(Excerpted records begins)

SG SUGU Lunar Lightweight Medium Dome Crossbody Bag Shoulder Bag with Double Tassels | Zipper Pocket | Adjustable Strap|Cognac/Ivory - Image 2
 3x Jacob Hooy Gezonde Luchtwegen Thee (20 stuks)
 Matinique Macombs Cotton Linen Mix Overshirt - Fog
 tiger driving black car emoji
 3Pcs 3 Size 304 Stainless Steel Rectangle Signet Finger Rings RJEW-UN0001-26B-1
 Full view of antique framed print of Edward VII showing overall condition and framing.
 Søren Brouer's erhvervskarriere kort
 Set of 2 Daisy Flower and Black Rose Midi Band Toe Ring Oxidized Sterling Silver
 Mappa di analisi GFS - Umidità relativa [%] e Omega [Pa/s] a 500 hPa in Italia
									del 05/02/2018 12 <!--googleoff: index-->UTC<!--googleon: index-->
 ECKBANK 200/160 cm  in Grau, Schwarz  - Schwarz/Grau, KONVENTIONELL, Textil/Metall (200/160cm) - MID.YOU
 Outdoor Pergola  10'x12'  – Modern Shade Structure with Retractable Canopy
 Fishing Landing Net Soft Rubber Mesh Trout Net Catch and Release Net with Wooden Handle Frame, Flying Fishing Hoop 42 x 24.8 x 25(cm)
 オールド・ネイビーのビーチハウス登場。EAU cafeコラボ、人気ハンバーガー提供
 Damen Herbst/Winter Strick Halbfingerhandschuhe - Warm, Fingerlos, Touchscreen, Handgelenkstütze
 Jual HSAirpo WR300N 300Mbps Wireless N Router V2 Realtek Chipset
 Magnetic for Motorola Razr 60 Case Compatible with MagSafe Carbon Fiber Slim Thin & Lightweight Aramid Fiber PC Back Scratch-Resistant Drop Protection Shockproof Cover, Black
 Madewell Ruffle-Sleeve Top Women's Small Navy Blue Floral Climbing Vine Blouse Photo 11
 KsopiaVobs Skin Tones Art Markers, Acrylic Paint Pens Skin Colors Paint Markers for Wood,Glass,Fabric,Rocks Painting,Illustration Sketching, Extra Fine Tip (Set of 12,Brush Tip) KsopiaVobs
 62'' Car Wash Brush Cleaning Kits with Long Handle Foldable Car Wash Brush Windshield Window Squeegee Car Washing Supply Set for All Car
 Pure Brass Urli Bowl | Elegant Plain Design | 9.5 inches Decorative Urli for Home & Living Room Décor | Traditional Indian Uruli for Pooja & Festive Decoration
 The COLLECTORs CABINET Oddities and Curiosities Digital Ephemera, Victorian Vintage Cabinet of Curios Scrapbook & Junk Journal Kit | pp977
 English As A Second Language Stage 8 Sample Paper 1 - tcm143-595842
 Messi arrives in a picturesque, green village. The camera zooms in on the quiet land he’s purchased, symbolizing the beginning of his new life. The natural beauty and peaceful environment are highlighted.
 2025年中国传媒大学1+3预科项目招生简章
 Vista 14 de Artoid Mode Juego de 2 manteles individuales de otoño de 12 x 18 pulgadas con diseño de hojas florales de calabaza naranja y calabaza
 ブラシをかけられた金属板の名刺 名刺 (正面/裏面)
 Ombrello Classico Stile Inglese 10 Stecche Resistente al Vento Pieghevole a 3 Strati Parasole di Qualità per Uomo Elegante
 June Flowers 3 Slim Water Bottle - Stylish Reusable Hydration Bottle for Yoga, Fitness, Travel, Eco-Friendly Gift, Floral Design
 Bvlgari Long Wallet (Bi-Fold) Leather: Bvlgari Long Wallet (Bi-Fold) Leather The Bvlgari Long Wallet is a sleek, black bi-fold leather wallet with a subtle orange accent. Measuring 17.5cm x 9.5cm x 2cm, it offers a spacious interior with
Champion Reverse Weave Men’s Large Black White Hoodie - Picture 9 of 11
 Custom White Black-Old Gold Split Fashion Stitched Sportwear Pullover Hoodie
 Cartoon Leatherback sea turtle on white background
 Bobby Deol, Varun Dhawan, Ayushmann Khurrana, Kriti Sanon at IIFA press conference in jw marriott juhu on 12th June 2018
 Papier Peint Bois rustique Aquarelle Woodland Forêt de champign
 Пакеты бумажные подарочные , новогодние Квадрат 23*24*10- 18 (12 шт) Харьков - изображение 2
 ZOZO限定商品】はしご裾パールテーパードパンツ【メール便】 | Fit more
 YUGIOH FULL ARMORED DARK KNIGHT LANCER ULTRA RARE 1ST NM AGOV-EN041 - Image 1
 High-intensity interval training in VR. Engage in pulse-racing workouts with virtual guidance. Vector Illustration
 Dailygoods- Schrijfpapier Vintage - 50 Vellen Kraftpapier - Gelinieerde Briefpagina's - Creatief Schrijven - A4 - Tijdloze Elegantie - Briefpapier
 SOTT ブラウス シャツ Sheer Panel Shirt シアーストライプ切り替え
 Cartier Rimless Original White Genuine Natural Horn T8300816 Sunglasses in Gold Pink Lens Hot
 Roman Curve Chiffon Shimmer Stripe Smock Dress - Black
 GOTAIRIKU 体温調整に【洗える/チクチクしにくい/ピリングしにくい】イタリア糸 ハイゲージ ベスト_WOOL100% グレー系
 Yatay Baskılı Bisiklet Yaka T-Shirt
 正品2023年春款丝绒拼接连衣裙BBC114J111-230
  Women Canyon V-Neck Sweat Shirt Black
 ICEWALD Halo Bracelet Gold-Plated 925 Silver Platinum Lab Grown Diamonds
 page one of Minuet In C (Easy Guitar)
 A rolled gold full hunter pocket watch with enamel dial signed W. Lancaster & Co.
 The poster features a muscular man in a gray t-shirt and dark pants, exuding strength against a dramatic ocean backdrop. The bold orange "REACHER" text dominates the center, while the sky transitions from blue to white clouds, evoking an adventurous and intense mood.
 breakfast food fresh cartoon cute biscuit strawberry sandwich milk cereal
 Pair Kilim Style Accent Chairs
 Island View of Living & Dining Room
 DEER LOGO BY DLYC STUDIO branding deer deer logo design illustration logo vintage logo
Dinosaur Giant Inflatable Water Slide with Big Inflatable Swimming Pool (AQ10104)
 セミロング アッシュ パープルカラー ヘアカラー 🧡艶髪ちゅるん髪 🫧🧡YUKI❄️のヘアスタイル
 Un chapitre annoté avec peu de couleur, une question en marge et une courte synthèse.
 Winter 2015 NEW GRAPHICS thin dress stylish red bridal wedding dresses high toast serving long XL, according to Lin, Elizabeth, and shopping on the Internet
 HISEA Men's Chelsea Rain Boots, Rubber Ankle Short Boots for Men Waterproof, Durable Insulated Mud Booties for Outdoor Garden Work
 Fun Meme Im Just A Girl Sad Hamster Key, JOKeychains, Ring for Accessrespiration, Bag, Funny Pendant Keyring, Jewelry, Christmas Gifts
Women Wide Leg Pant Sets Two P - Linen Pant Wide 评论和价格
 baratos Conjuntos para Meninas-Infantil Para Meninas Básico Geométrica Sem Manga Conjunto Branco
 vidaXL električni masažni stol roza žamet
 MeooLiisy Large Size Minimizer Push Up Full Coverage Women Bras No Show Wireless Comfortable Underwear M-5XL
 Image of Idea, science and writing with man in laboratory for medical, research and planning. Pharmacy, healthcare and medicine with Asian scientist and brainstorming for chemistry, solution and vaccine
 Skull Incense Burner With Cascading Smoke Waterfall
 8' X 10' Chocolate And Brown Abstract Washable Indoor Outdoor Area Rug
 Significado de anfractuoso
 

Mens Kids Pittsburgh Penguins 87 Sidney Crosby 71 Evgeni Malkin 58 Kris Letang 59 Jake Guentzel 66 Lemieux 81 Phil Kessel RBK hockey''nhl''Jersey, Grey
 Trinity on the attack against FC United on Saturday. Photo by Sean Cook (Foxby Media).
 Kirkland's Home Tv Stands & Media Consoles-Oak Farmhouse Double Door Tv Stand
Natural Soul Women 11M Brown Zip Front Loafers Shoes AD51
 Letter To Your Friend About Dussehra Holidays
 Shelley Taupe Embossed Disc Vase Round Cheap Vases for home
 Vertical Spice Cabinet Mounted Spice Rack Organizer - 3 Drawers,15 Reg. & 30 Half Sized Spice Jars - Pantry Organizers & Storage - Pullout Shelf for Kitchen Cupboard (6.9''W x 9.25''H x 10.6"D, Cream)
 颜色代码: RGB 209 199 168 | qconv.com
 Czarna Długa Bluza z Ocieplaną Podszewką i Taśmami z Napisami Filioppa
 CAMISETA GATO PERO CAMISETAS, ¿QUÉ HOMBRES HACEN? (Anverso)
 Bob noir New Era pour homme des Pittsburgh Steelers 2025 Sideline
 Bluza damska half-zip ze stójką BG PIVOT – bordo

(Excerpted records ends)

Work task: Reproduce only the lines above spanning from the line containing "Letter To Your" through the line containing "CAMISETA GATO PERO", word for word.

Worked solution:
 Letter To Your Friend About Dussehra Holidays
 Shelley Taupe Embossed Disc Vase Round Cheap Vases for home
 Vertical Spice Cabinet Mounted Spice Rack Organizer - 3 Drawers,15 Reg. & 30 Half Sized Spice Jars - Pantry Organizers & Storage - Pullout Shelf for Kitchen Cupboard (6.9''W x 9.25''H x 10.6"D, Cream)
 颜色代码: RGB 209 199 168 | qconv.com
 Czarna Długa Bluza z Ocieplaną Podszewką i Taśmami z Napisami Filioppa
 CAMISETA GATO PERO CAMISETAS, ¿QUÉ HOMBRES HACEN? (Anverso)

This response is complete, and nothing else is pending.